Emotionally Honesty Mavericks Dramatically Chases Waves
Chasing Mavericks comes amazingly close to being a very good film. The story of Santa Cruz surfing phenom Jay Moriarty (newcomer Jonny Weston) and his epic battle with gigantic 35-plus foot waves crashing off of the coastline (an area known as Mavericks, thus the title) at only 15 years of age, the movie can be rather hypnotic. Directors Curtis Hanson (L.A. Confidential) and Michael Apted (Gorillas in the Mist) revel in the visual majesty of these competitions, stepping out of the way every time their hero and his grizzled, tough-as-nails mentor Frosty Hesson (Gerard Butler) jump into the water.

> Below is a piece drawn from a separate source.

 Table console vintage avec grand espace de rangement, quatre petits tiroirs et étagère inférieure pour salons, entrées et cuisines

But the story? Even though it’s based on fact, even though it doesn’t stray from the climactic tragedies affecting the main characters, there is a soggy been there-done that angle to Kario Salem’s (The Score) script that’s undeniably noticeable. The surrogate father-son relationship between Jay and Frosty is strictly by-the-numbers, while subplots involving the teen’s self-destructive single mother (a wasted Elisabeth Shue), love interest Kim (Leven Rambin) and best friend Blond (Devin Crittenden) barely register.
Yet my interest in seeing where things were going to go next rarely wavered. What transpires between Jay and Frosty may be overly familiar but it still has plenty of heart, and watching the latter train the former to survive Mavericks isn’t without its charms. It helps that Frosty’s wife Brenda (a terrific Abigail Spencer) add just the right amount of spark and spunk, bringing a layer of authenticity to the drama that probably wouldn’t exist without her.

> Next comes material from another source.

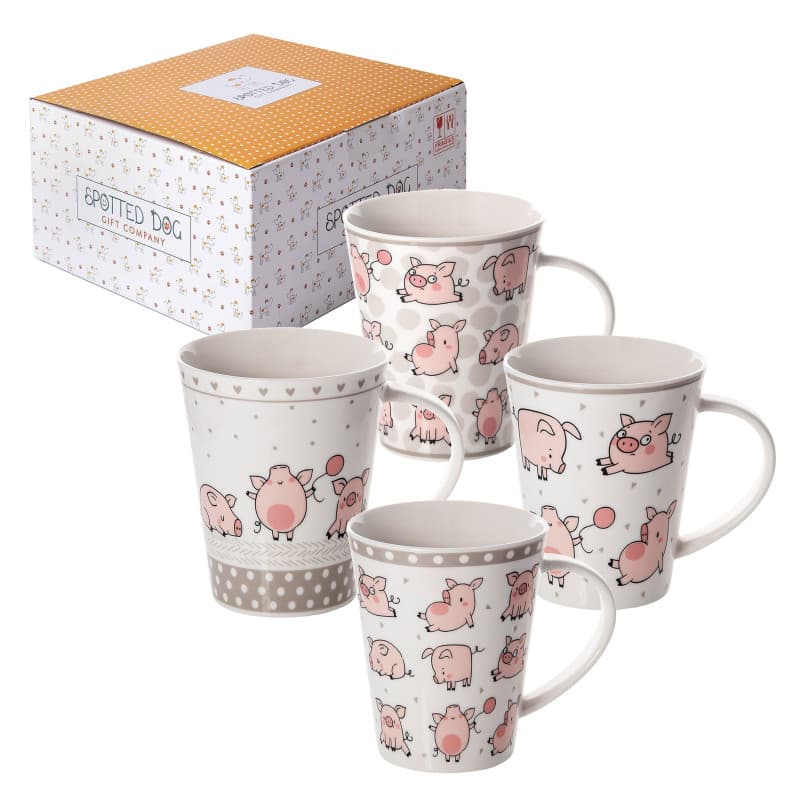 Ensemble de 4 Tasses en Céramique Cochon - Cadeau Original pour Amateurs de Café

It’s hard to know how to deal with some of the subplots involving Brenda and a few other characters. While they are fact-based and supposedly happened, some of these moments can’t help but feel deeply contrived, more suited to a Nicholas Sparks adaptation than they are this particular story. These sudden twists frequently annoyed me, and while Hanson and Apted do their best to mitigate the melodramatic pabulum that occurs during these moments, the emotional manipulation is unquestionably still annoying.

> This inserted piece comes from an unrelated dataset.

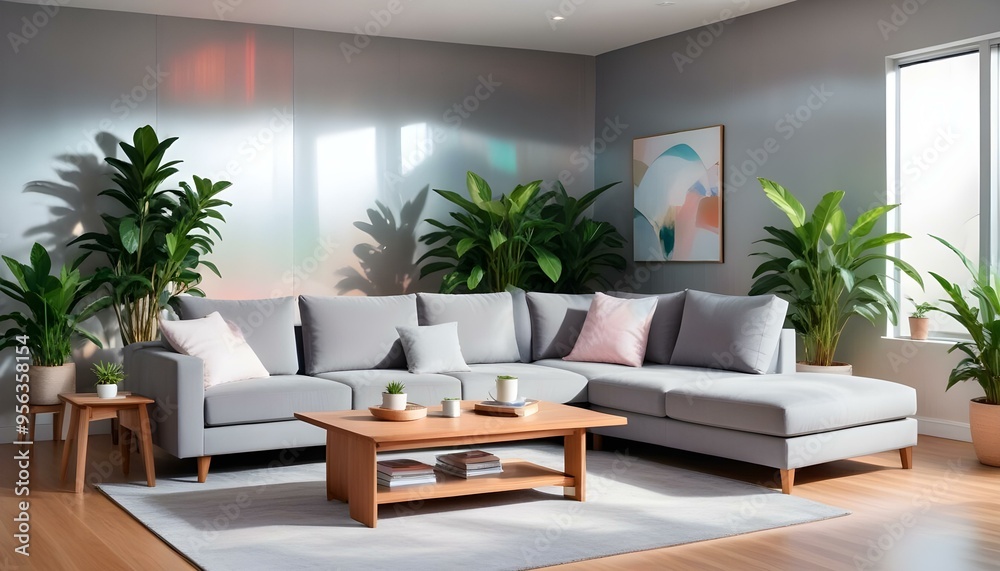 Photo interior modern design room 3d illustration Photo interior modern design room 3d illustration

But the climax is a knockout, plain and simple, Jay’s journey to Mavericks coming to a spectacular conclusion. His battling of the waves, the way his first failure leads to his greatest, and as far as the sport of big wave surfing is concerned, downright legendary, triumph is magnificently realized. The cinematography of newcomer Oliver Euclid and the legendary Bill Pope (The Matrix) is extraordinary. I was blown away by all that was happening, and there was never a second where I wanted to turn my eyes away from the screen.
I don’t know how closely the screenplay sticks to Jay’s life story (although statements by the filmmakers lead me to believe they tried their best as far as that’s concerned). I know even less about the sport of big wave surfing. But as far as the movie itself was concerned, even with its flaws, I do feel Hanson and Apted have done a fairly decent job bringing this tale to life. I also have a feeling once it hits Blu-ray Chasing Mavericks will develop a fervent following who will be eager to ride the waves and hang ten right alongside Jay and Frosty.